2018-04-17 19:07:13 | 将棋
 14日に名古屋城で指された第3期叡王戦七番勝負第一局。金井恒太六段と高見泰地六段は公式戦初対局。
 事前に振駒で先手に決まっていた金井六段は持時間5時間を選択。後手の高見六段の横歩取りに先手が青野流で対抗する将棋に。
                                     
 後手が5二の玉を早逃げした局面。ここから先手は後手の飛車を取りにいったのですが,後の展開からするとこれが失着で,とりあえず☗2二龍と銀取りに入って後手に受けさせておくべきだったのだろうと思われます。
 実戦は第1図から☗7五金と打ち☖5四飛☗6五金☖5五飛☗同金の飛車角交換に持ち込みました。しかし☖7四桂が厳しい手。このときに先手の龍が2三にいるのがマイナス要素になっています。
                                     
 感想戦の感じだとここで先手は諦めたようで☗6五桂と攻め合いにいきました。ただこの手はぬるい手なので,苦しくてもとりあえず☗7五銀と逃げておいて,手数だけは伸ばしにいくという指し方をする棋士もいるのではないかと思います。こういうのは個人の性格にもよりますが,ちょっと淡白な気もしました。

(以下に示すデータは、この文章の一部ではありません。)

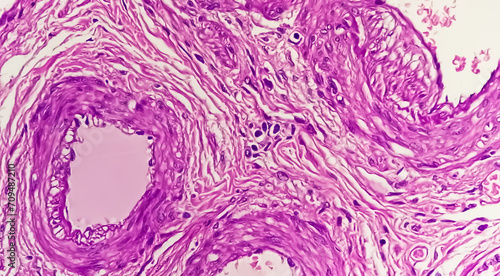 Histopathological photomicrograph of ovarian cyst showing Metastatic cystic teratoma. photo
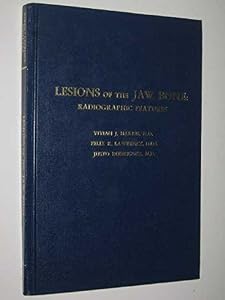 Lesions of the Jaw Bone: Radiographic Features by Vivian J. Harris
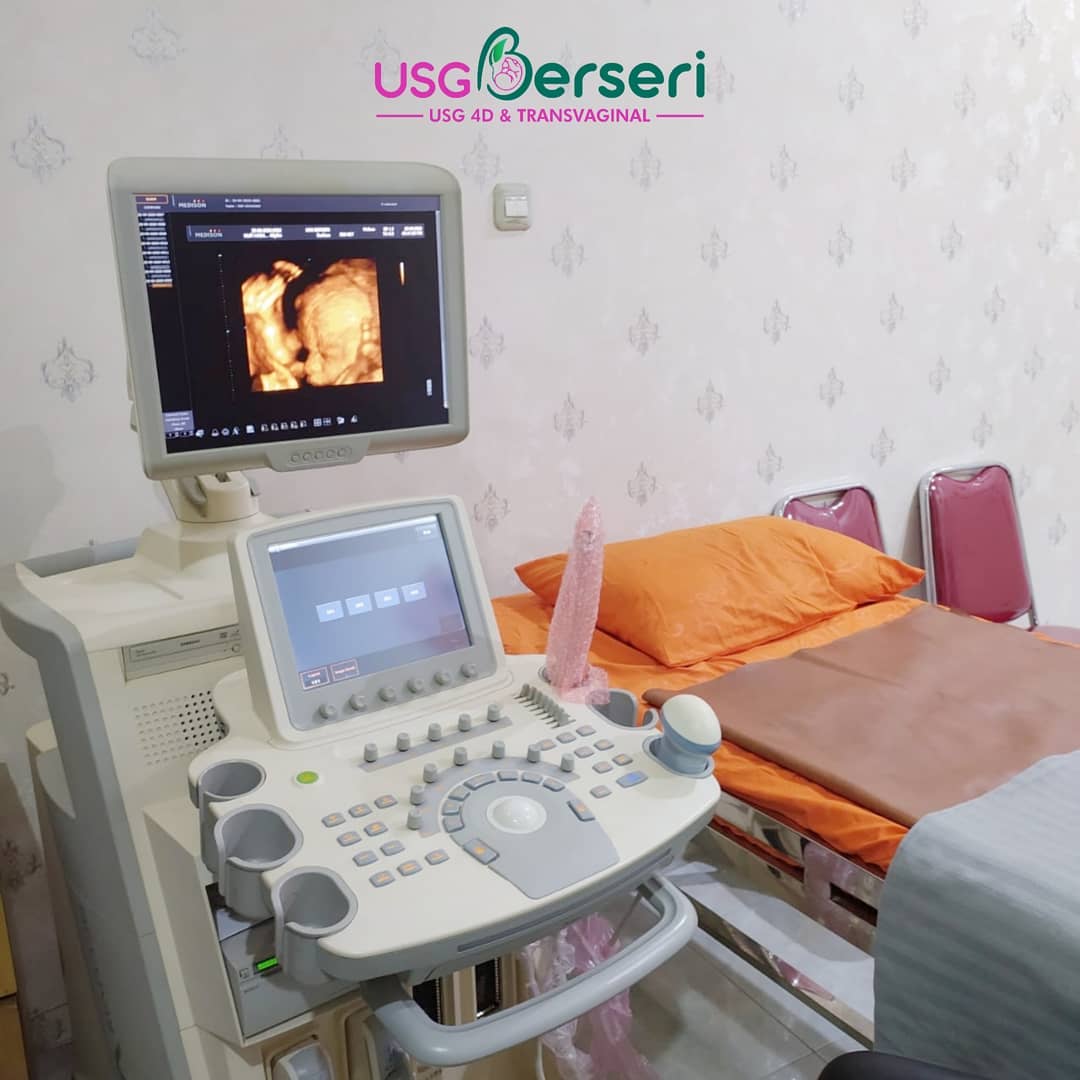 USG 4D murah jakarta barat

 ☖8九角に☗7九飛と受けるのもおそらく負けを早める手だったと思いますが,これは自分が負けということが分かりやすい局面に誘導するサービスだったかもしれません。
 ☖7八角成☗同飛☖8九角☗7七飛☖6六桂☗同歩☖5七桂成。後手としては気持ちの良い手順の連続で王手龍取りが掛かり,先手の投了となりました。

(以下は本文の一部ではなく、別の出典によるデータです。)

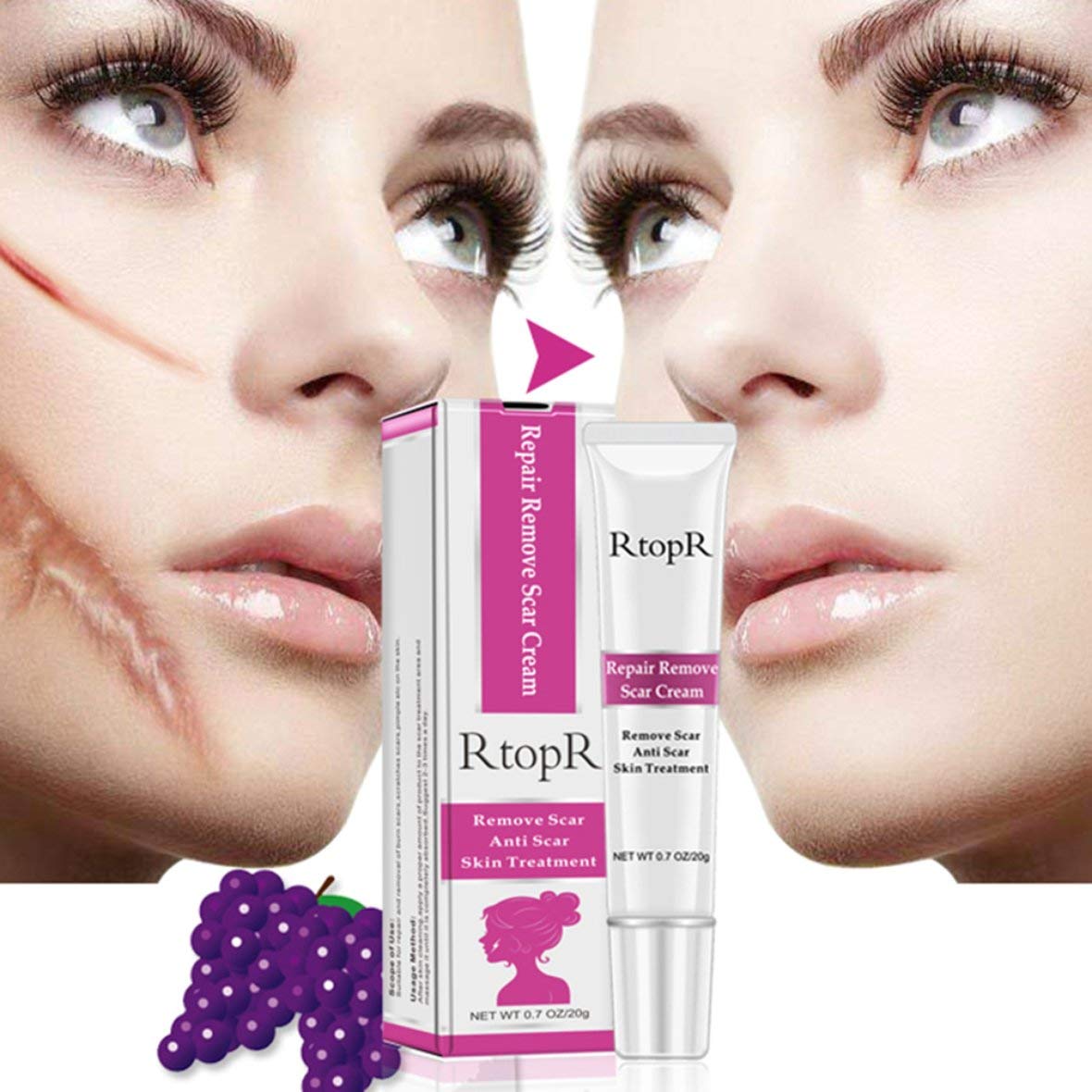RtopR Acne Scar Removal Cream Fast Skin Tag Remover Remove Scar Cream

                                     
 高見六段が先勝。第二局は28日です。

 『ゲーテとスピノザ主義』と関連する論考もこれで終了ですが,関連した書籍を紹介しておきます。
 僕は僕がいう汎神論論争に対する興味から『ゲーテとスピノザ主義』を読んだのですが,この本は僕が思っていたほどそのことに触れられていません。汎神論論争についてもう少し詳しく知りたいのであれば,中井真之の『ゲーテ『親和力』における「倫理的なもの」』をお勧めします。
                                     
 この本は題名からするとゲーテJohann Wolfgang von Goetheの自然科学の概念のひとつである親和力に関する研究書というイメージを抱かれるのではないかと思います。実際にそのイメージは間違いではありません。中井の探求の中心は,親和力は自然科学の概念でありながら倫理的な色彩も帯びていて,その倫理的色彩にスピノザ哲学が影響を与えているということであるからです。ただこの本には「F・H・ヤコービの「スピノザ主義批判」との関連において」という副題が与えられています。もしこの副題がなかったら,僕はこの本を手に取ることもなかったかもしれません。そしてこの副題から分かるように,ゲーテとヤコービFriedrich Heinrich Jaobiのやり取り,すなわち僕がいう汎神論論争の一部についてもその中に取り上げられているのです。
 内容は二部構成になっています。親和力に関する研究は主に第二部でなされています。この部分は自然科学に対する知識がある程度は必要とされるもので,僕はゲーテの自然科学そのものに関心があるわけではありませんから,内容の是非について何かをいうことはできません。ただ中井はここにスピノザの哲学の影響があるとみているので,スピノザの哲学と関連した考察はこちらの部分にも含まれています。
 第一部の方はゲーテにおけるスピノザの受容に関する論考で,親和力に関する論考のための前提になっています。このとき,『ゲーテとスピノザ主義』ではゲーテのスピノザ受容が多角的に考察されているのですが,中井の論考ではそのほとんどが汎神論論争と関連していて,メンデルスゾーンMoses Mendelssohnが何をいい,またヤコービが何をいい,ゲーテが何をいったのかが,ずっと詳しく紹介されているのです。なので汎神論論争に限定すれば,こちらを読む方が有益でしょう。